Scénario
d’O. Romenville – Dessins, couleurs et couverture d’Étienne M – Aide à la
colorisation de Zéphyr Martin
Septembre
2017 – 52 pages
Éditeur :
Solo-Moon Éditions - solo-moon-editions.fr/
Alors
qu’elle termine son spectacle, Brezza s’inquiète de ne pas pouvoir joindre
Michel. Celui-ci ne répond pas au téléphone. Lorsqu’elle se rend chez lui, la
jolie chanteuse ne trouve qu’une maison vide. Fort heureusement, Jules lui fait
remarquer que la voiture de Michel n’est pas là et qu’il manque son sac de
voyage. Avec l’aide de son petit génie, Brezza finit par découvrir vers quelle
destination son ami a pu partir sans la prévenir, l’Écosse, et elle décide de
suivre ses traces pour comprendre les raisons de cette fugue soudaine.
Retrouvant
le scénariste de Luce (Objectif Mars, 2014), Étienne M propulse sa
pulpeuse héroïne dans une intrigue policière au cœur du pays du mystère et des
fantômes, l’Écosse. En confiant son personnage à Olivier Romenville, le
créateur de Brezza s’éloigne de la fantaisie de l’album précédent et oriente la
jolie chanteuse vers une nouvelle direction. La divine escapade d’« In
vino veritas » (Objectif Mars, 2016) signé Sophie Bernardon, laisse ainsi
place à une véritable enquête, une chasse au trésor et une plongée dans le
passé de Michel, l’ami, l’amour, l’amant de notre sympathique Brezza.
Fort
heureusement, le scénariste ne joue cependant pas à fond la carte du réalisme
puisqu’il permet à Jules d’intervenir à plusieurs reprises au cours de l’album.
Ce petit personnage qui, à l’instar d’un Jiminy Cricket semble être la bonne
conscience de Brezza, est l’indispensable compagnon de la jeune chanteuse. Tout
à la fois comique et plein de sagesse, il n’apparaît dans les pages de cet
album que lorsque cette dernière est seule et se révèle être toujours d’un
grand secours. Et c’est grâce à lui que Brezza parviendra à retrouver Michel et
à résoudre le mystère des « Deux lunes de Roseloch ».
Une
fois encore, le trait d’Étienne M se met totalement au service du scénario.
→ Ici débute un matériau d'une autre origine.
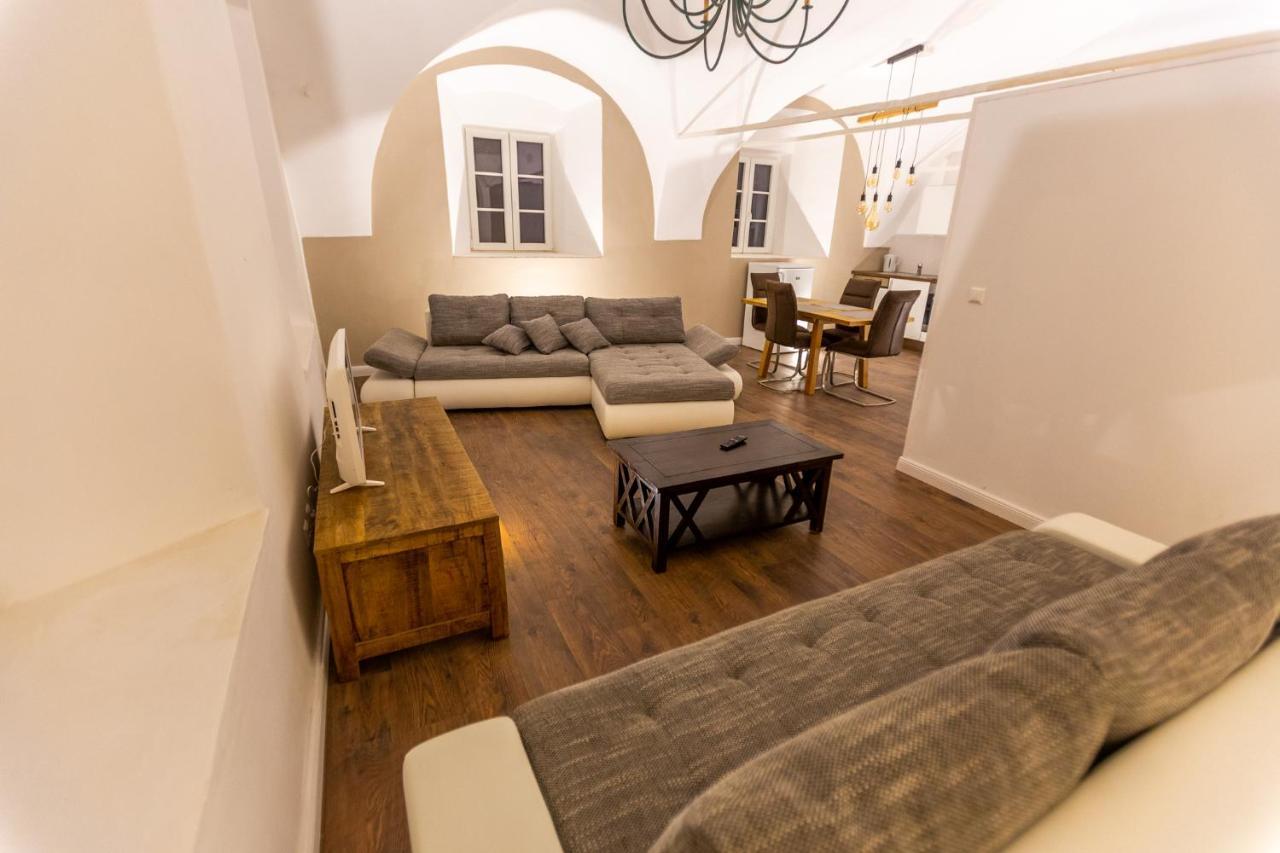Pferdegut Schloss Treffen Apartments Gortschach  Экстерьер фото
L’histoire étant bien plus sombre que celle d’« In vino veritas », l’artiste
développe une ambiance bleutée qui fait forcément penser à la blue note qui
donne sa couleur musicale au blues et au jazz. Au fil des albums, il impose son
style très personnel parfois plus proche de la peinture que du dessin,
suggérant les décors et utilisant à plein la colorisation pour créer une atmosphère
inimitable.
Avec
un scénario qui respecte l’ADN de la série (en conservant la relation
Brezza-Jules), tout en lui faisant visiter des terres nouvelles, « Les deux
lunes de Roseloch » permet de découvrir une autre facette de la jolie
chanteuse de jazz qui n’a pas fini de surprendre ses fidèles lecteurs.